2016 Rio Olimpiyat Oyunları’nda altın madalya kazanan Milli güreşçi Taha Akgül, Ankara Acıbadem Hastanesi’nde sağlık kontrolünden geçti. Burada basın mensuplarına açıklamalarda bulunan milli güreşçi Akgül, "2016 Rio Olimpiyatları’nda ülkeme tek altın madalyayı ben kazandırdım, bana nasip oldu. Ben güreşene kadar henüz altın madalya çıkmamıştı, İstiklal Marşı’mız henüz dinletilmemişti. Ülkemiz zor zamanlardan geçiyor, 15 Temmuz sürecinde, PKK terör örgütünün yaptığı eylemler sonucunda hayatını kaybeden şehitlerimiz oldu. Vatandaşlarımızın hepsinin morali bozuktu ve bizim sorumluluğumuz aslında biraz daha fazlaydı. Çünkü ülkemizin gücünü tüm dünyaya göstermemiz gerekiyordu ve olimpiyatlarda ben bu bilinçle güreştim. Sadece kendim için, olimpiyat şampiyonluğu için değil, bu sadece bir metal parçası önemli olan orada İstiklal Marşı’nı dinletebilmekti. Yani bizim gerçekten ihtiyacımız vardı buna. Biz büyük bir ülkeyiz, öyle darbe girişimleriyle filan yıkılacak bir ülke değiliz ve bizim bunu tüm dünyaya göstermemiz gerekiyor ve ben üzerime düşen görevi yaptım, ülkemize tek altın madalyayı kazandırdım. Şu anda 4 Avrupa, 2 dünya ve Rio Olimpiyat şampiyonluğum var. Tabii önümüzde yeni müsabakalar olacak, yeni şampiyonalar olacak, bizim artık maddiyatla filan hiçbir işimiz kalmadı, biz artık önümüzdeki müsabakalarda en iyi şekilde vatanımız için bayrağımız için hizmet etmeye devam edeceğiz" diye konuştu.

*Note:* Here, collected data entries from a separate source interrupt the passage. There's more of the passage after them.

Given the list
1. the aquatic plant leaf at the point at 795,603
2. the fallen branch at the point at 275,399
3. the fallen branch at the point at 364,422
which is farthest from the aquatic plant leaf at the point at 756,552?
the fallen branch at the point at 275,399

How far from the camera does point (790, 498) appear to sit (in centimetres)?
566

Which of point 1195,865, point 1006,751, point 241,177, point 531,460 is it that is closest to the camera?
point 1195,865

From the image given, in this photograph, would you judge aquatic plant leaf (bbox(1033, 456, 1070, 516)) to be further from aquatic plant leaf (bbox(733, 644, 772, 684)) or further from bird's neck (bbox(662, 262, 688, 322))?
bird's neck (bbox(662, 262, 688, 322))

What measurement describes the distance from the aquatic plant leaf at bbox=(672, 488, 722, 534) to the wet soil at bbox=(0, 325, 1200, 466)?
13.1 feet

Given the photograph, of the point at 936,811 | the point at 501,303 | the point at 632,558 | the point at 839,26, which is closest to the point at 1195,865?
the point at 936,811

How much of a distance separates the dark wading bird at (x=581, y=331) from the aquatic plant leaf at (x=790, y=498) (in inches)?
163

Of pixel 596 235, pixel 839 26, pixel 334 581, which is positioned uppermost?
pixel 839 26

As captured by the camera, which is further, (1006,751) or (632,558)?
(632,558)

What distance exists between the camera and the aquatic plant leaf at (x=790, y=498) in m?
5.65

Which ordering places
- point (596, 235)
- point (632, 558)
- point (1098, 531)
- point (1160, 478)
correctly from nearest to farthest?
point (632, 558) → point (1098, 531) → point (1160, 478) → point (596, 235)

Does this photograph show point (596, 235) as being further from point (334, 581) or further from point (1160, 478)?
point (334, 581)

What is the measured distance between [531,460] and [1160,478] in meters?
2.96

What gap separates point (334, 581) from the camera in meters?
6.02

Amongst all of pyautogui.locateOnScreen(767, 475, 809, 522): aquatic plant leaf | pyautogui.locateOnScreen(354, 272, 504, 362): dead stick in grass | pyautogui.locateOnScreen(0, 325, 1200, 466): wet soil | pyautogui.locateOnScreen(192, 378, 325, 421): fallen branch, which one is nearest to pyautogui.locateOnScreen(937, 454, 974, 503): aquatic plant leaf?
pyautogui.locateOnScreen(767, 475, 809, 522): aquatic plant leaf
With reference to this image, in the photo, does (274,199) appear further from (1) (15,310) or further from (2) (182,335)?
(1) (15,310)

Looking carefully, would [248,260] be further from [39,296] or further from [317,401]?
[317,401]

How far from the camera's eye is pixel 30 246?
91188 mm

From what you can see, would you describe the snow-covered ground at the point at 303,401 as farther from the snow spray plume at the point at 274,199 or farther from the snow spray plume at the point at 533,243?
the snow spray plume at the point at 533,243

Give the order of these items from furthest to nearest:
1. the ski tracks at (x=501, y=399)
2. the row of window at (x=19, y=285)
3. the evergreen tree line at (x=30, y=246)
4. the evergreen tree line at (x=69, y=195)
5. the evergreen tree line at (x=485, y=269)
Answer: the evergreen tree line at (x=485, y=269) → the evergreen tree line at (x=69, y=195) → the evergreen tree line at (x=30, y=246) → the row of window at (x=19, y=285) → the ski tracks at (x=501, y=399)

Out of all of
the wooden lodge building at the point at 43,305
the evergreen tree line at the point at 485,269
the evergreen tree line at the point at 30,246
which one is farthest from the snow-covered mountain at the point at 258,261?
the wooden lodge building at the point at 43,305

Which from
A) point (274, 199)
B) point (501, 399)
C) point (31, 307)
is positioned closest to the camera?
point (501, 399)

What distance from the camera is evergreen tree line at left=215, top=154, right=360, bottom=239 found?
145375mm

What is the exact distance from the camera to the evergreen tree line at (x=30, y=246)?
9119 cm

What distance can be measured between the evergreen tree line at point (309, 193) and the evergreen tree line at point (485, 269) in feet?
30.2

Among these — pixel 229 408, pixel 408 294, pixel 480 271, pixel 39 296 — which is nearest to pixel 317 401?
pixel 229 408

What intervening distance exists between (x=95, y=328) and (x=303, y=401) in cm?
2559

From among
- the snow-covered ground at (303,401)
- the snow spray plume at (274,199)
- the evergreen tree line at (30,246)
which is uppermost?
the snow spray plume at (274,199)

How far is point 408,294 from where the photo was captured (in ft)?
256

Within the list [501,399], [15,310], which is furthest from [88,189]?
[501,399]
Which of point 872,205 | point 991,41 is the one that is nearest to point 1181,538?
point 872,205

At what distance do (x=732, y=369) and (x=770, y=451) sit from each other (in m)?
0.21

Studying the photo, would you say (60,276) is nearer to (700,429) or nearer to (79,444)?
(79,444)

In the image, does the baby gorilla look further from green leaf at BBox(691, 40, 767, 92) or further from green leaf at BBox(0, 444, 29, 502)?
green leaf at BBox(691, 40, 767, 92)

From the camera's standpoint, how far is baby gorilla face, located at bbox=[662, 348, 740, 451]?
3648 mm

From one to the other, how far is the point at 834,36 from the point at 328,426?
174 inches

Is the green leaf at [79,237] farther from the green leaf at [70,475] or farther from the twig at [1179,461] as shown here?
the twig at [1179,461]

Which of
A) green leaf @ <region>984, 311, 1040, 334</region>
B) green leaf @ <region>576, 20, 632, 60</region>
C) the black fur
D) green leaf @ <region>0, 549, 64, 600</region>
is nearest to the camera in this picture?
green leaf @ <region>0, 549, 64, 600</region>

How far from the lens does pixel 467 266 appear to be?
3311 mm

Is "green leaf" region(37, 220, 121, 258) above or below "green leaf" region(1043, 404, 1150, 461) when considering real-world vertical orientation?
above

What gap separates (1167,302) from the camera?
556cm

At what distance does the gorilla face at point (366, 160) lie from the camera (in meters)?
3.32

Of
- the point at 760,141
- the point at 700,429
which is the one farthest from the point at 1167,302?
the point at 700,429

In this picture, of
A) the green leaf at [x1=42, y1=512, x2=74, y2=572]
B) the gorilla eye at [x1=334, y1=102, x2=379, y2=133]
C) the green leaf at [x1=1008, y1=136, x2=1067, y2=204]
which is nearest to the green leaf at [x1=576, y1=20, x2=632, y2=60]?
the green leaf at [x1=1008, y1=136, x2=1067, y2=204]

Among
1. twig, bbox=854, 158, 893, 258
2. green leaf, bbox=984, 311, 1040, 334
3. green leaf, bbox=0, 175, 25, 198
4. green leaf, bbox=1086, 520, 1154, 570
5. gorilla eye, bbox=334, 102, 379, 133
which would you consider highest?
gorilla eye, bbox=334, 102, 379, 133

"O MAYONUN MANEVİ ANLAMI ÇOK BÜYÜK"
Akgül, 2016 Rio Olimpiyat Oyunları’nda altın madalya kazandığı müsabakada giydiği mayoyu, P&G Olimpiyatlar Sergisi’ne hediye etmesi ile ilgili ise, "Efsane sporcuların hepsinin müsabakalarda giydiği malzemeler var. Mesela Muhammed Ali’nin eldiveni var, Yaşar Doğu’nun mayosu var, Ahmet Ayık’ın mayosu ile altın madalyası var. Ben de oradaki müzeye olimpiyatlarda giydiğim tek mayo, sadece kırmızı mayo ile güreştim ben orada, 4 maçımda da aynı mayoyu giydim, o mayomu hediye ettim oraya. İsteyen sporseverler oraya gidip Olimpiyat Müzesi’nde güreştiğim o mayoyu görebilirler, onun manevi anlamı büyük. Çünkü 2016 Rio Olimpiyatları’nda kazanılan tek altın madalyanın mayosu" ifadelerini kullandı.

"ŞUAN EN ÖNEMLİ MÜSABAKA 2017 AVRUPA ŞAMPİYONASI"
Akgül, bundan sonra neler yapacağı ile ilgili ise, "Bizim önümüzde yine şampiyonalar var. Mart ayında 2017 Avrupa var. Şu anda en önemli müsabakamız o. Ben ona hazırlanmayı düşünüyorum, onun öncesinde Türkiye Şampiyonaları, Yaşar Doğu Turnuvası olacak tabii onun öncesinde hazırlık süreci olacak. Şu an en önemli müsabaka 2017 Avrupa Şampiyonası diyebilirim, daha sonra da 2017 Dünya Şampiyonası" açıklamasında bulundu.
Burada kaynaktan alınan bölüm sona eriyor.